The bad news is that this takes time and much damage is done in the process. The real question we should ask is, “How can we accelerate the process?”
Coetzee writes that speaking from the voice of the mythic father has two drawbacks: “The first is that the omnipotence of the Father is tainted by the fallibility of the Leader. The second is that penalties exist that the prudent statesman dare not threaten, punishments that he dare not celebrate, which nevertheless belong to the omnipotent Father.”
In other words, we need to reveal the flawed real man behind the mythic image.
Hannah Arendt wrote: “The chief qualification of a mass leader has become unending infallibility; he can never admit an error.” His followers will only see his errors and faults once they feel them. At some point, hunger penetrates myth.
The family that creates the authoritarian personality is unstable, despite all of its mechanisms of control. While the voice of the domineering mythic father is powerful, the children also resent the father of their memories. Think of how many myths are about the son killing the father. There is also tension among siblings as they fight for recognition and love, which seems limited and always comes with conditions. Think of the many myths about fratricide. The way to fight myth, Coetzee writes, is through counter-myth.
At the end of each post about propaganda, I will outline a range of political rhetoric related to the topic of that post. This should serve as a summary that can be reviewed. I also hope that it will help us to be more aware of how we, as we interact with family and friends, might promote democratic dialogue and resist the slow slip into propaganda and totalitarianism.
Democratic Dialogue: The leader is seen as flawed and is often satirized. The leader is willing to admit making mistakes and even engage in self-parody. The danger here is that the democratic leader, Coetzee writes, may take on “the voice of the doubting self,” which does not have the force to counter the voice of the mythic father.
Propaganda Lite: The leader writes a self-glorifying autobiography before running for office. The population splits into tribes. The leaders of the other tribes become villains who do not understand the community’s core values.
Propaganda Complete: The mythic father must be perfect. Mistakes or shortcomings are glossed over or blamed on the incompetence of others. As the leader’s performance falls short of the image of the mythic father, the people will lose faith. This may take a long time because the filter of ideology erases most of the leader’s failings.
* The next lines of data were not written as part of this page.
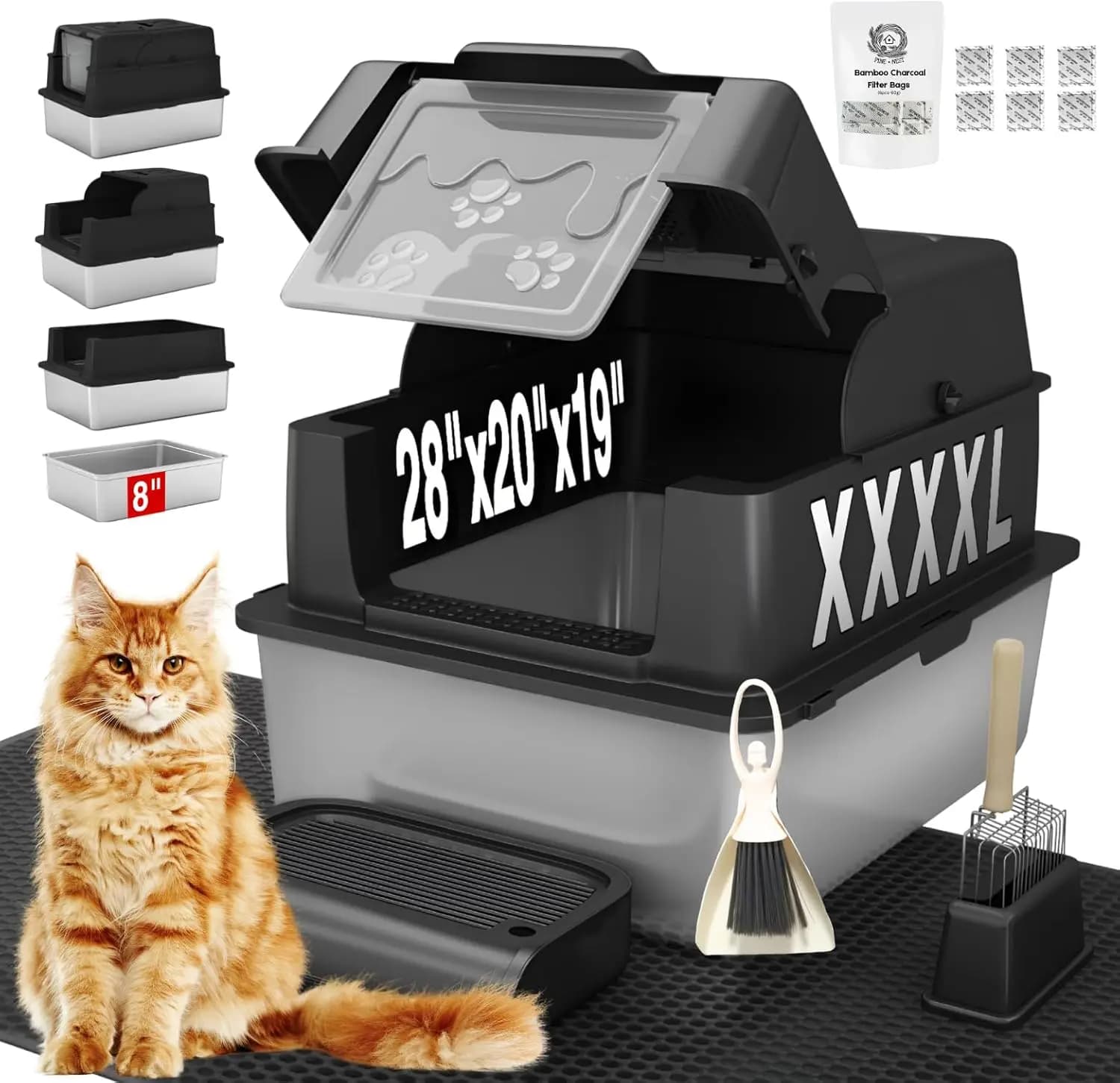 Lettiera Jumbo in acciaio inossidabile con coperchio per Maine Coon, 71 cm L x 51 cm L x 48 cm A, extra grande, antiaderente, anti-perdita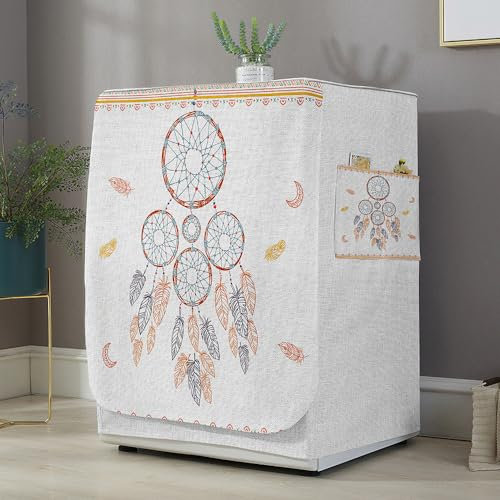 Highdi Funda de Lavadora Cubierta Atrapasueños Exterior,Adapta a la Mayoría de Lavadoras y Secadoras de Carga Frontal Protector Solar a Prueba de Polvo (S Capacidad 6~7,5 KG,Blanco)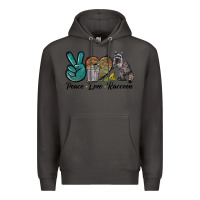 Smoke Peace love raccoon Premium Hoodie - LillyAllenDesigns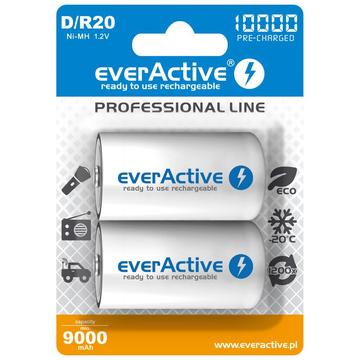 EverActive Professional Line EVHRL20-10000 Genopladelige D-batterier 10000mAh - 2 stk.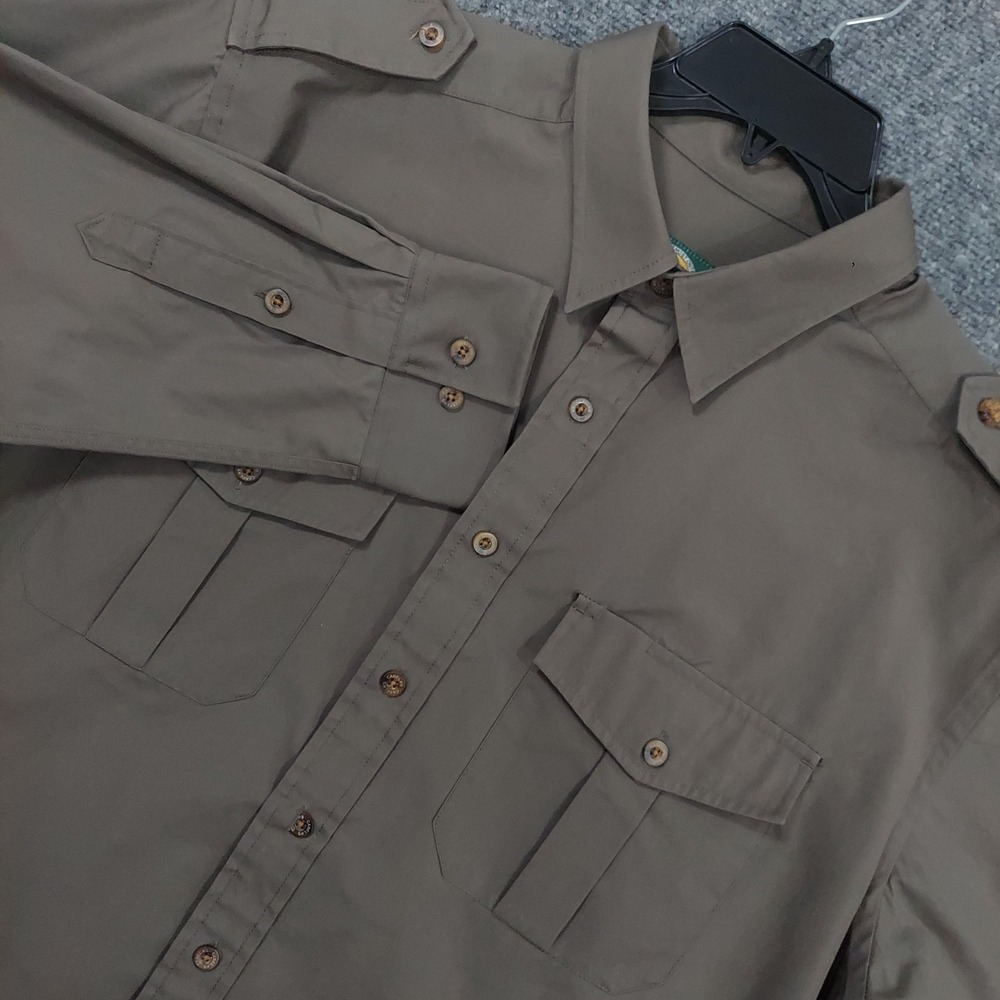Cabela's Shirt Mens XL Brown Solid Long Sleeve Button Up Outdoor Epaulet Hunting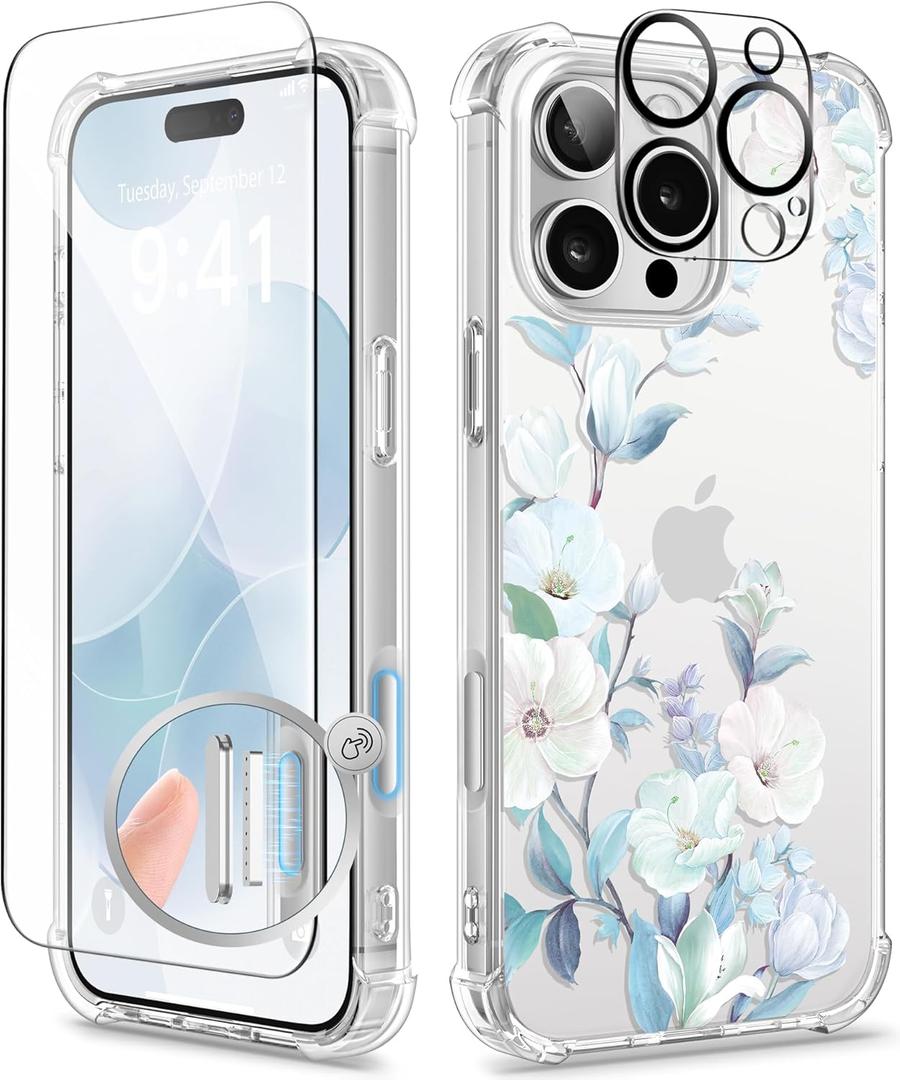 GVIEWIN for iPhone 16 Pro Case, with Screen Protector & Camera Lens Protector, Floral Shockproof Protective Bumper Slim Clear Phone Cover for Women 2024 6.3'', Hibiscus | Not Yellowing, Slim, Shockproof, Protective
There is always a tension between the mythic father and his children and even among his children. Coetzee writes, “The father-voice is the voice that breaks the bonds of the enemy band. The strength of the enemy is his bondedness. . . . There is a mythic shape to the encounter, and no doubt the enemy draws sustenance from the knowledge that in the myth the brothers usurp the father’s place.” In the grammar of myth, the usurping sons can be symbolic sons. The group, Elias Canetti says in Crowds and Power, is destroyed from within.
We fight the myth of the father with counter-myth. Coetzee writes, “The blow that wins the war against the tyrant father is not a death-trust but a humiliating blow that renders him sterile (impotence and sterility are mythologically indistinguishable). His kingdom, no longer fertilized, becomes a wasteland.” Counter-myth needs to come from the counter-mob, a pervasive and growing culture of insults against the leader but not his followers.
If followers view the mythic father as infallible, any resistance reveals his limitations and weakness. It breaks the spell. Coetzee writes, “The father cannot become the benign father until the sons have knelt before his wand.” All the sons. In the end, even the mob boss cannot control his own family.